Eighty percent of Singapore’s population lives in apartment blocks constructed by the Housing Development Board (HDB). Guan's talk examines how state-constructed housing estates in Singapore function as a site for the production of Asianness.
First, Guan examines how HDB neighborhoods are cast as quintessentially Asian, as opposed to Western, spaces, amidst the turn to neoliberalism and the debates over culture in 1990s Singapore arguing that the casting of HDB neighborhoods as Asian spaces recruit HDB inhabitants as everyday enforcers of the moralized boundaries between citizens and non-citizens, and between good and bad Asians.
Second, Guan explores ethnographically how HDB neighborhoods function as a site for the production of a Sinocentric form of Asianness. He considers how migrant and nonmigrant bodies are racialized and interpellated in these spaces, in accordance with their embodied linguistic performance of Chinese languages. Further, Guan discusses how Singaporean HDB inhabitants construct new meanings of Asianness vis-à-vis these migrants, whose labor keeps the HDB neighborhood running.
Finally, Guan's talk illustrates how his ethnographic and historical perspectives enrich theorizations of Asian urban modernities and neoliberal authoritarianism in the wider region.
Introduction by Chencong Zhu (Co-chair of EAP-GSSC and Ph.D. student, Anthropology, Cornell University)

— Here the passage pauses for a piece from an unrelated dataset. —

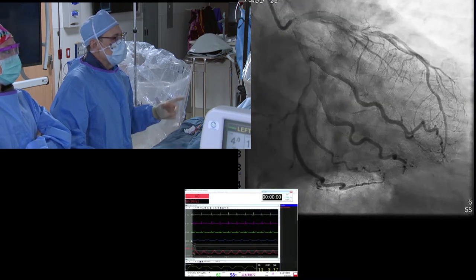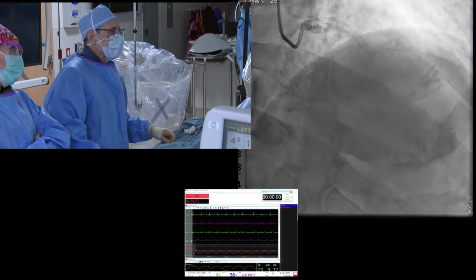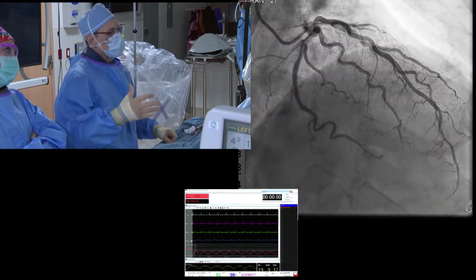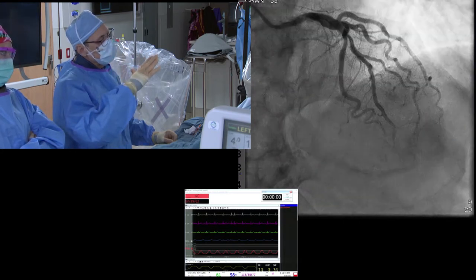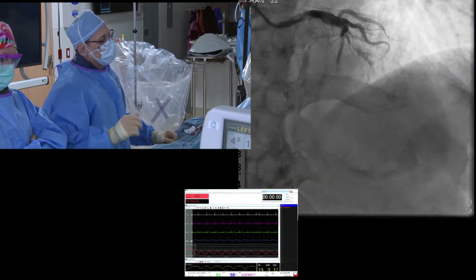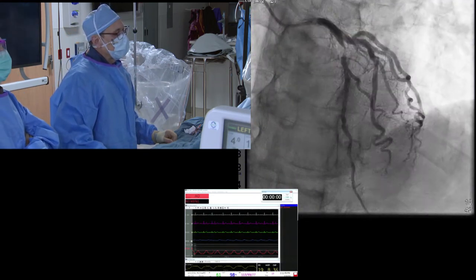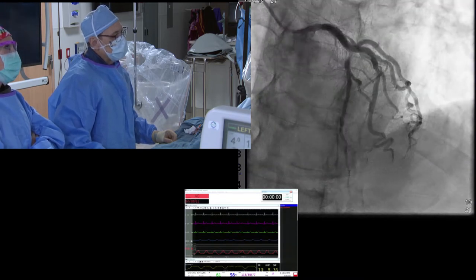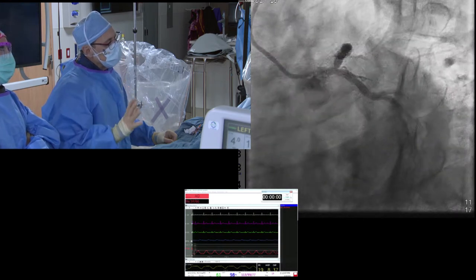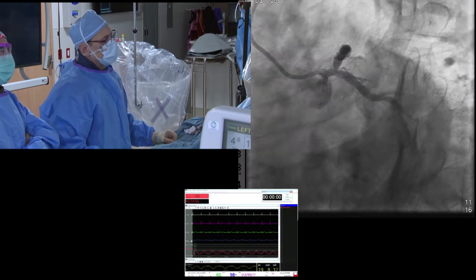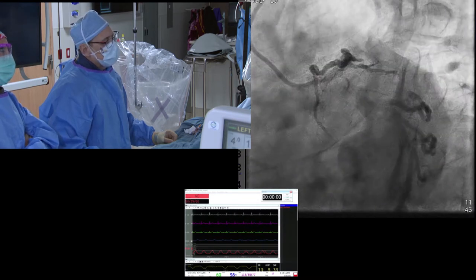I'm also seeing something at the ostium of that LAD or distal main. You can see there's overlap of the circumflex, so we want to give cranial angulation to pull the circumflex off the LAD. The next picture is an LAO cran, and now you see it more completely. The spider view is a little difficult to get clean, but it does suggest there's something in that very proximal LAD.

Biography: Xinyu Guan is a sixth-year PhD candidate in the Department of Anthropology. His research examines state-constructed housing and the everyday micropolitics of migration and sexuality in Singapore. A Fall 2020 EAP Hu Shih Fellow, Xinyu works at the intersections of Southeast Asian, Indian Ocean and East Asian worlds, and engages questions of postcoloniality, urbanity and citizenship from critical trans-Asian perspectives.
This workshop is organized by East Asia Program's Graduate Student Steering Committee (EAP-GSSC). The GSSC workshop is open to the public but RSVPs are encouraged. Please contact eap-gssc@cornell.edu for RSVPs and questions.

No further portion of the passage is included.